You may have multiple problems so fixing one and eliminating it will then lead you to (hopefully) find the other(s).
...

Offline torrestech

  • **
  • 28
  • +0/-0
    • http://www.torrestech.com.au
Only crashes when no one is watching
« Reply #10 on: July 11, 2005, 08:16:55 AM »
Ok i have been away for 3 of weeks and guess what! The server never crashed once. But as soon as i came back i started doing some ftp access to the website and strait away it crashed, and has now been crashing on a daily basis. It even dropped one partition from the raid.
I am going today to change the controller and add more RAM but beyond that i am lost in the wilderness.
Suggestions always welcome to help me solve this mystery.
...

Offline warren

  • *
  • 293
  • +0/-0
Server crashes when no one watching..insmod block-major-13
« Reply #11 on: July 28, 2005, 01:06:09 AM »
torrestech,

This is caused by the raidmonitor programme :
If found this out after searching RH site for errors loading xd.so https://bugzilla.redhat.com/bugzilla/show_bug.cgi?id=52013
The error is reproducible if one runs sfdisk -l , then check var/log/messages straight away.

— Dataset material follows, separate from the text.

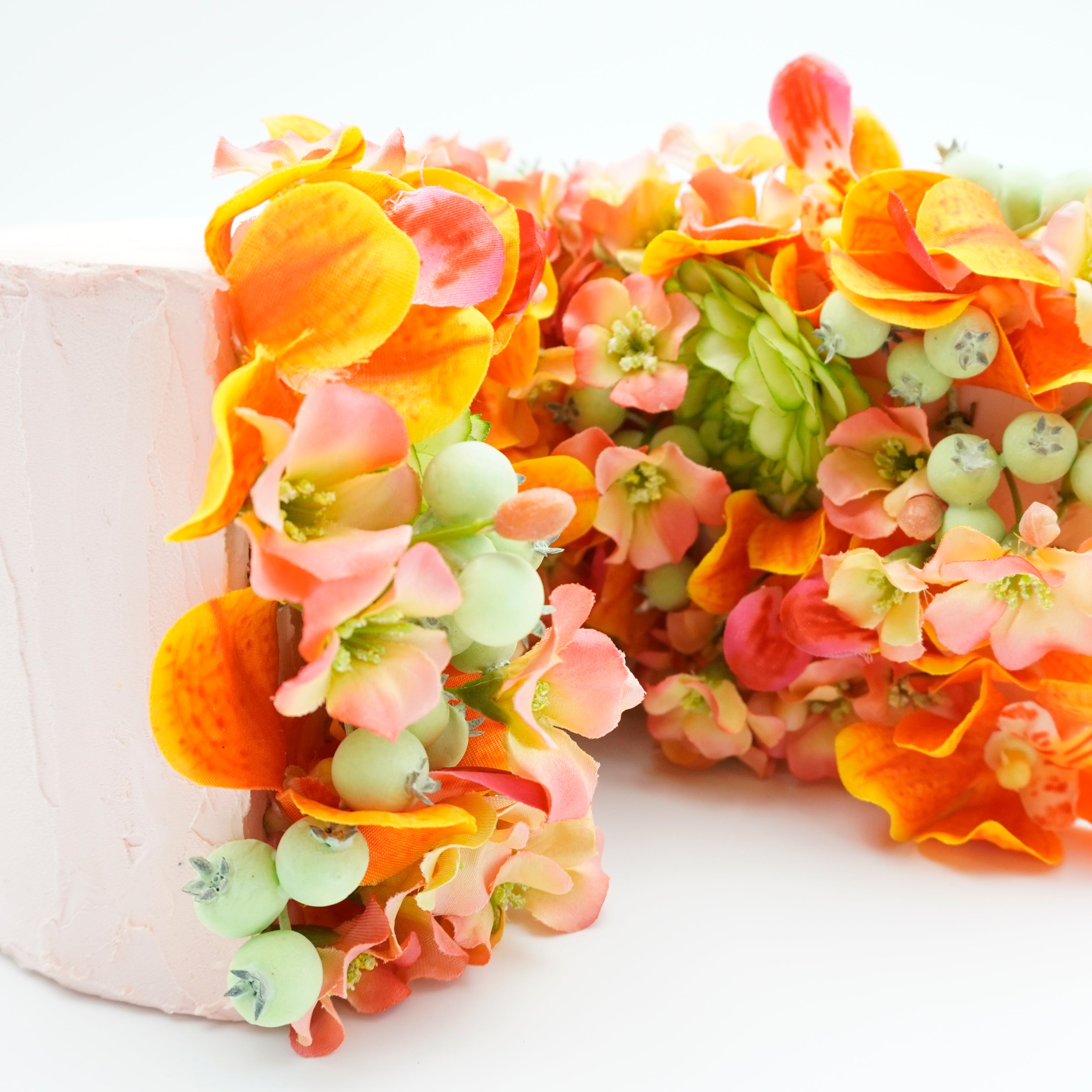 ドライフルーツ No.545 オレンジ クレイケーキ 花材 ハンドメイド資材 リースcocoro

Some detective work ( and hint from Charlie : "You need to work out what is trying to load all those drivers...) led me to checking out /usr/local/bin/raidmonitor..
line 57: /sbin/sfdisk -d > $RMDIR/sfdisk.out

Can anyone else confirm that they get the same results ?

Offline CharlieBrady

  • *
  • 6,918
  • +3/-0
Re: Server crashes when no one watching..insmod block-major-
« Reply #12 on: July 28, 2005, 10:42:31 PM »
Quote from: "warren"


Some detective work ( and hint from Charlie : "You need to work out what is trying to load all those drivers...) led me to checking out /usr/local/bin/raidmonitor..
line 57: /sbin/sfdisk -d > $RMDIR/sfdisk.out


As a workaround, add:

alias block-major-13 off

to /etc/modules.conf. That'll stop the loading of the xd module. Ditto for all the other block-major-nn that it's complaining about.

But I think "xd: Out of memory" is only a symptom. Something else is using up all your memory, and causing the crashes.